How I learned the high price of lying.

For young children, the line between what they hope is true and what they know is true can blur. This is probably a gradual process for most, but for me it came all at once, with a painful splash.

When I turned 5, I began kindergarten and my mom enrolled in college. Among the benefits to me was better access to recreational classes, like swimming. I already loved the water, but lessons made it even better. The pool even had diving boards. One was low, and the other went up forever.

At some point I learned to dive, and began diving off the low board repeatedly. My mom would watch me to my delight, though it must have been boring watching the same moves over and over.

One day I ran to her and told her she’d missed a great dive. She asked if I’d gone off the high diving board. I don’t know what possessed me, but I said, “Yes”. I immediately wished I could take it back. She said something like, “Oh, I missed it.” I don’t know if she prompted me to “do it again”, or if it was my own idea. Either way, for some reason, I thought that if I simply did the deed, my lie would become a truth. And so off I went, wet feet splattering water everywhere, toward the high dive.

My mom must have thought that faced with that prospect of doing anything from that height, I’d own up to my lie. Years later she shared that she had watched me go, thinking that I’d turn around at any moment. She watched as I climbed up the ladder…and up…and up…and got to the diving board, and stood at its edge. And she thought I’d turn around. But I never turned around. I was doing this. I dove off.

That dive was the most painful of my life. I attempted to do a shallow dive, but my chest and legs hit at an angle that made it feel like more of a belly flop. It felt like death by a thousand slaps. I resurfaced quickly but the pain made it hard to catch my breath. Eventually I did catch my breath. I swam over to my mom and confessed that it was actually my first time off the high dive.

It was a good lesson. Sometimes it’s easy to think that if we say things and believe them hard enough, they’ll be true. But it’s good to have a reminder that it doesn’t really work that way.

Pool Jewelry: You can take the girl out of Jersey…

When I was a teenager, it never occurred to me to take my jewelry off before going to the beach or pool. You weren’t dressed without plenty of jewelry and dark black waterproof mascara. Jersey. What can I say?

I carried that tradition well into adulthood. I wore irreplaceable jewelry to beaches and pools everywhere I went. I just got lucky that I left with what I’d come with, and that the pieces weren’t worse for wear. In recent years, though, I’ve been buying inexpensive pieces I consider “pool jewelry” every once in a while. They sparkle and offer the bling factor without damaging the good stuff. They make me so happy!

Why don’t I leave jewelry home altogether? It’s not that I want to look a certain way, or that anyone else cares. I just really enjoy seeing anything sparkling in the sun with the water’s reflection. Nothing looks as good as fingers gliding through the water in front of you with freshly painted nails and glistening rings. It’s a whole experience. The rest of my pool wear is usually pretty toned down. I’m sure no one even notices my pool jewelry, and I like it like that.

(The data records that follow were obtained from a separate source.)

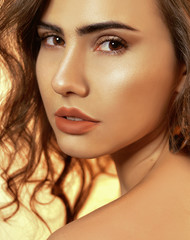 Fototapeta premium Portrait of a girl with professional skin treatment. Gold leather, magazine photo with fashionable tint. Portrait of an incredible brunette with professional brown make-up and curly hair. Nude lips.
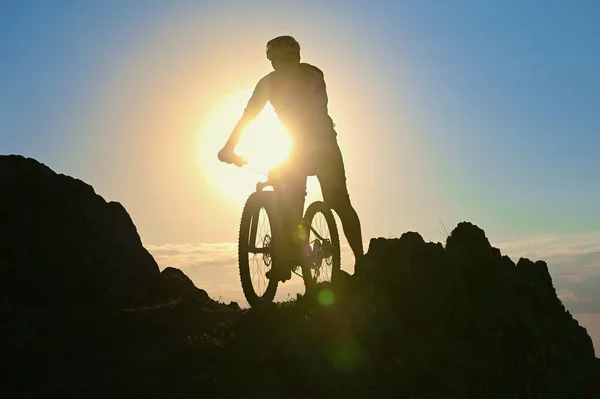 Σιλουέτα Ενός Ποδηλάτη Που Στέκεται Στο Βράχο Ενάντια Στον Ήλιο — Φωτογραφία Αρχείου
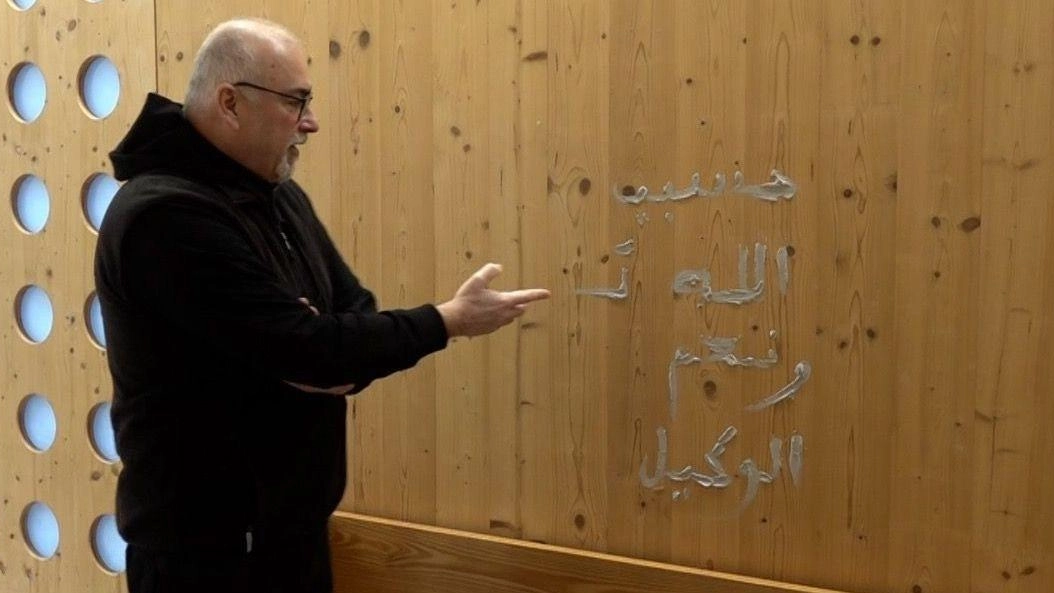 Il parroco don Luca mostra una delle scritte arabe nella chiesa della Resurrezione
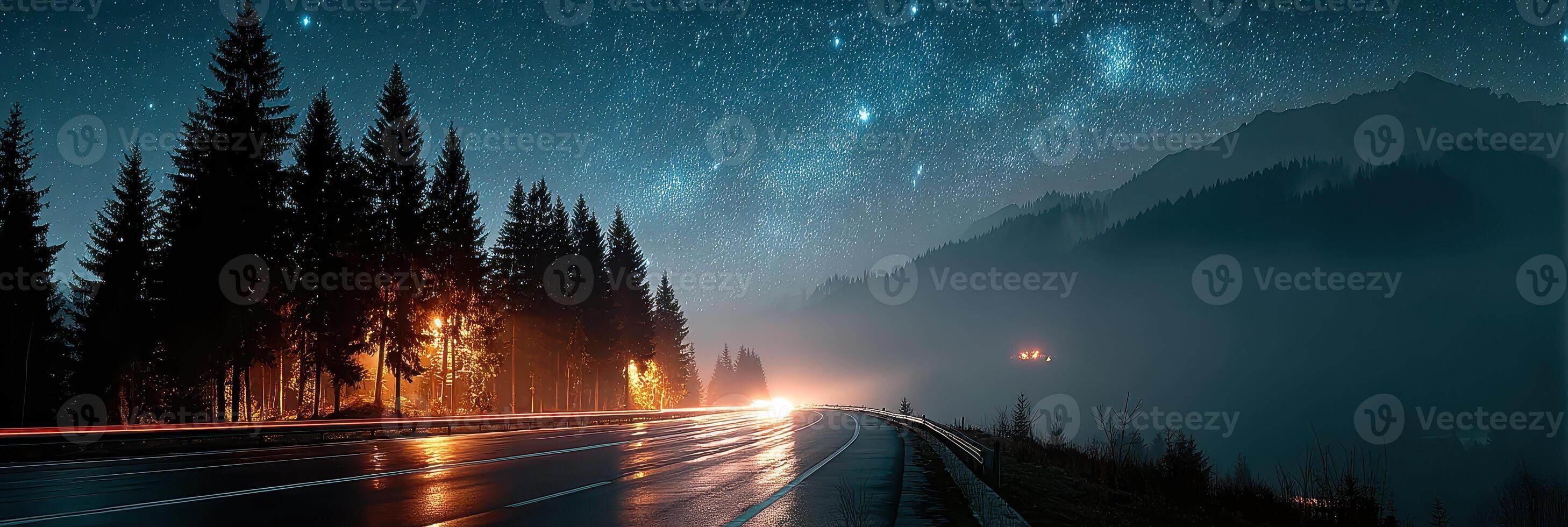 Starry night over a winding road in the mountains with glowing lights and misty trees photo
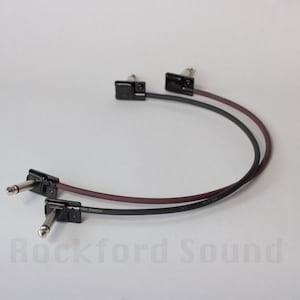 May include: Two black guitar patch cables with right-angle plugs. One cable is black and the other is burgundy.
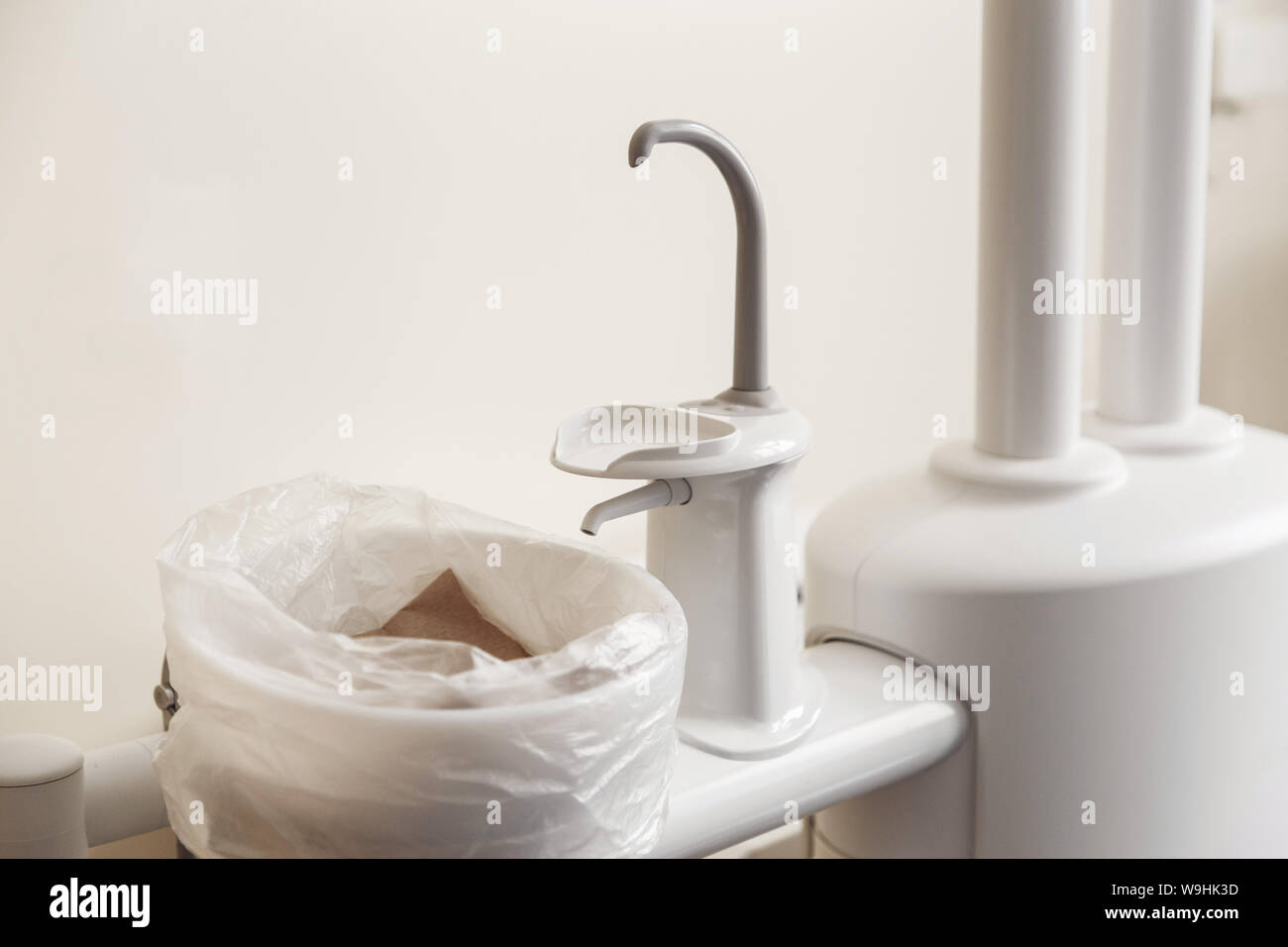 Close-up dentist sink with tap equipment Stock Photo - Alamy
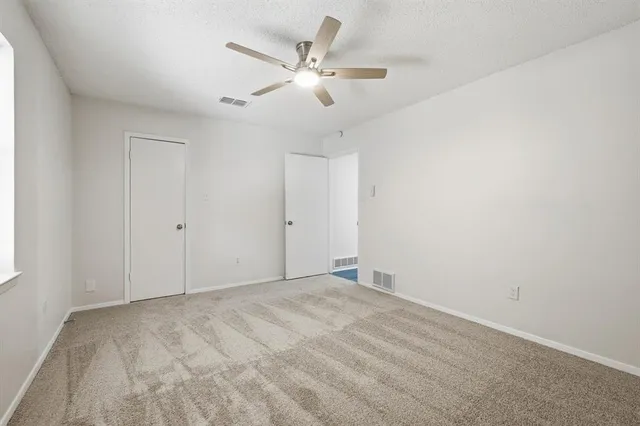 an empty room with windows and ceiling fan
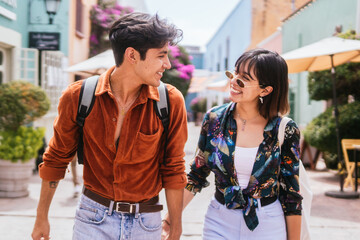 Hispanic Young Couple Walking On the Street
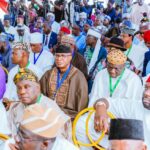 Ovie Omo-Agege (middle of shot, surrounded)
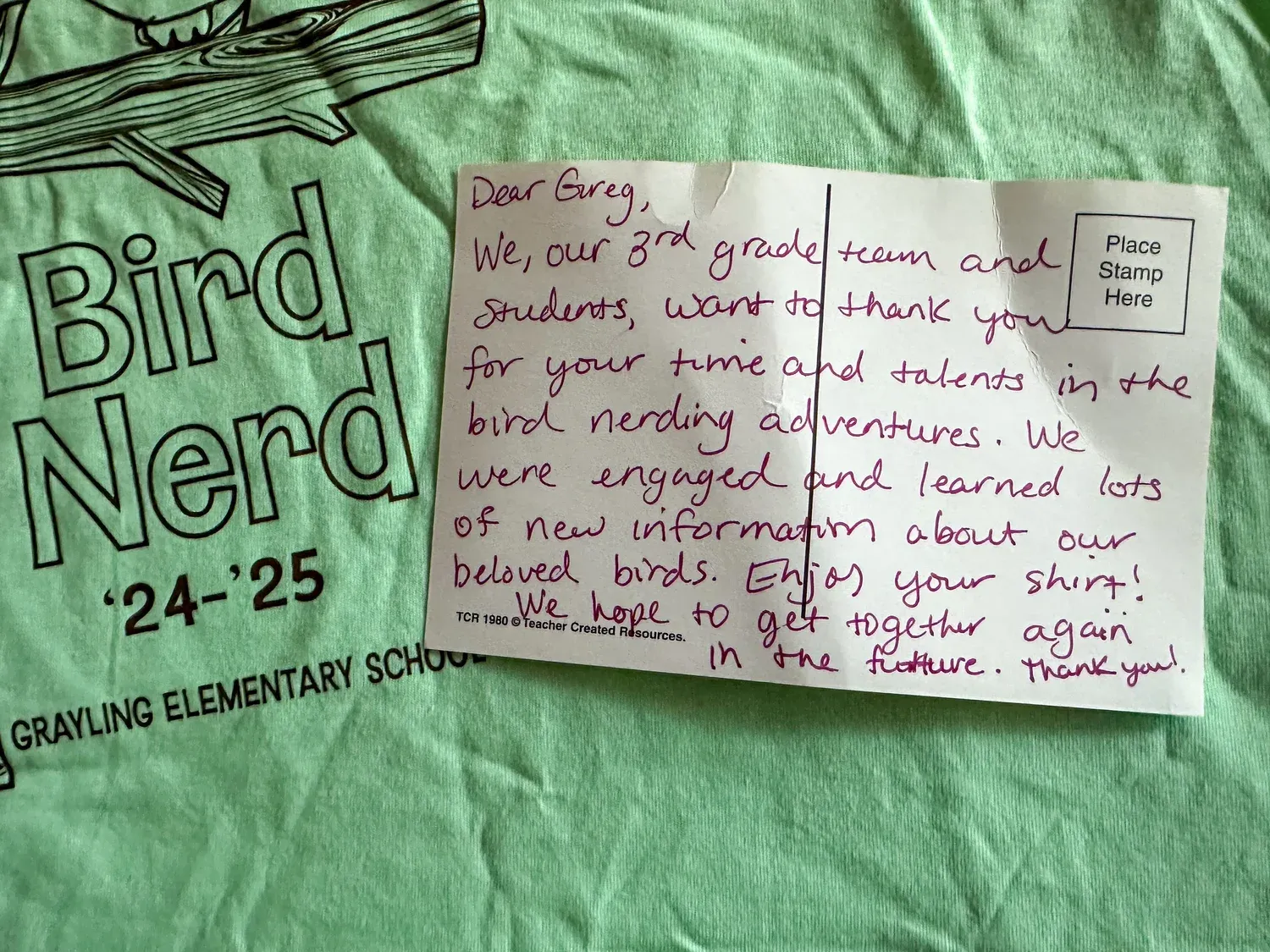 A handwritten thank-you postcard resting on a green “Bird Nerd ’24–’25, Grayling Elementary School” T-shirt. It reads: “Dear Greg, We, our 3rd grade team and students, want to thank you for your time and talents in the bird nerding adventures. We were engaged and learned lots of new information about our beloved birds. Enjoy your shirt! We hope to get together again in the future. Thank you!”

My younger self would have been aghast at the thought of separate pool jewelry. That girl believed her life and future pool experiences would resemble the 1980’s Chanel No 5 commercial that bid her “share the fantasy”, a sleek gold-threaded coverup discarded here, a high heel sandal placed just there, a black bathing suit, and perfection all around. I had no idea that the commercial’s director – Ridley Scott – was offering me a fantasy as unlikely to come to fruition as any scene from his Alien films. It all seemed attainable.

One of the pleasures of growing up is that I’m not so wedded to a larger fantasy. It frees me to enjoy experiences for their own qualities instead of their congruency to an overall vision. Sure, I love diamonds, and they have their place. But I can also appreciate crystals that sparkle in the sun in a place that’s shared with others having their own good times. I still do like the idea of that Chanel pool. But I love watching families at Reston pools playing with their children, hearing them giggle and remembering those younger family days in my not-so-distant past. The girl I once was would have grabbed the solitary pool scene any day. The woman I’ve become thinks that might be fun for an afternoon, but it could never be as rich as my real life.